Here's an example using the auto dataset, where we compare the variance of foreign and domestic automobile prices:
. #delimit;
delimiter now ;
. sysuse auto, clear;
(1978 Automobile Data)
. sdtest price, by(foreign);
Variance ratio test
------------------------------------------------------------------------------
Group | Obs Mean Std. Err. Std. Dev. [95% Conf. Interval]

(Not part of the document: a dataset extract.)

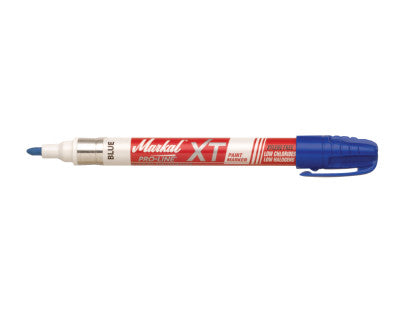 PRO-LINE XT, Blue, 1/8 in, Medium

---------+--------------------------------------------------------------------
Domestic | 52 6072.423 429.4911 3097.104 5210.184 6934.662
Foreign | 22 6384.682 558.9942 2621.915 5222.19 7547.174
---------+--------------------------------------------------------------------
combined | 74 6165.257 342.8719 2949.496 5481.914 6848.6
------------------------------------------------------------------------------
ratio = sd(Domestic) / sd(Foreign) f = 1.3953
Ho: ratio = 1 degrees of freedom = 51, 21
Ha: ratio < 1 Ha: ratio != 1 Ha: ratio > 1
Pr(F < f) = 0.7963 2*Pr(F > f) = 0.4073 Pr(F > f) = 0.2037
The observed ratio of variances is $f=1.3953$. Under the null that $R=1$, the variance ratio $R$ is distributed as $F(51,21)$. The degrees of freedom of the $F$ distribution are the numbers of observations in each group less one (since we had to estimate two means). This distribution looks like this:

As you can see, the observed ratio is near the center of the distribution, so we are unlikely to reject the null.
More formally, the $p$-value is the probability that we observe a test statistic $R$ at least as large as the one we saw, $f=1.3963$, under the null distribution above. For the one-tailed test where the alternative hypothesis is $R<1$, that is
$$P(R < 1.3953)=F(51,21,1.3953)=0.7963.$$
You can read that off from the CDF (blue line) or use the display F(51,21,1.3953)
in Stata. For the other two-tailed test, where the alternative is $R>1$, we need $$P(R>1.3953)=1-P(R<1.3953)=0.2037.$$
The two-tailed test is somewhat more complicated. We basically need $P(R>1.3953)=0.2037$, plus the corresponding probability that $R$ is extremely small, which happens to be the same, and corresponds to the probability $P(R<0.7543)=0.2037$. That is why Stata just reports two times the $p$-value for the $H_a:R>1$ one sided test. If we observed that $f<1$, you would use the $p$-value for the other one (try sdtest mpg, by(foreign)
for one example).
Finally, @gung and @NickCox's comments about non-robustness of the $F$ test (and Bartlett’s generalization of it to more than two groups) should not be ignored. In Stata, you can implement Levene’s test with:
. robvar price , by(foreign)
| Summary of Price
Car type | Mean Std. Dev. Freq.
------------+------------------------------------
Domestic | 6,072.423 3,097.104 52
Foreign | 6,384.682 2,621.915 22
------------+------------------------------------
Total | 6,165.257 2,949.496 74
W0 = 0.23429053 df(1, 72) Pr > F = 0.6298296
W50 = 0.00098009 df(1, 72) Pr > F = 0.97511185
W10 = 0.03306479 df(1, 72) Pr > F = 0.85622141
The $W_0$ is Levene's robust statistic and $0.6298296$ is the $p$-value for the null that the variances are all equal, with the alternative that at least one pair is not. The $W_{50}$ replaces the group-specific means in the test statistic formula with the medians and $W_{10}$ replaces them with the 10% trimmed mean. There's some simulation evidence that the median performs better in terms of robustness and power when the data are skewed, while the the trimmed mean is well suited for fat-tailed distributions. The mean is intended for symmetric, moderate-tailed distributions. Arguably, the median is the one to use here, though it doesn't matter.
This $W_0$ is distributed $F(1,72)$, so we can calculate the $p$-value as $$1-P(W_0<0.23429053)=.6298296.$$ The degrees of freedom are given by the number of groups less one, and the total number of observations less the number of group-specific means.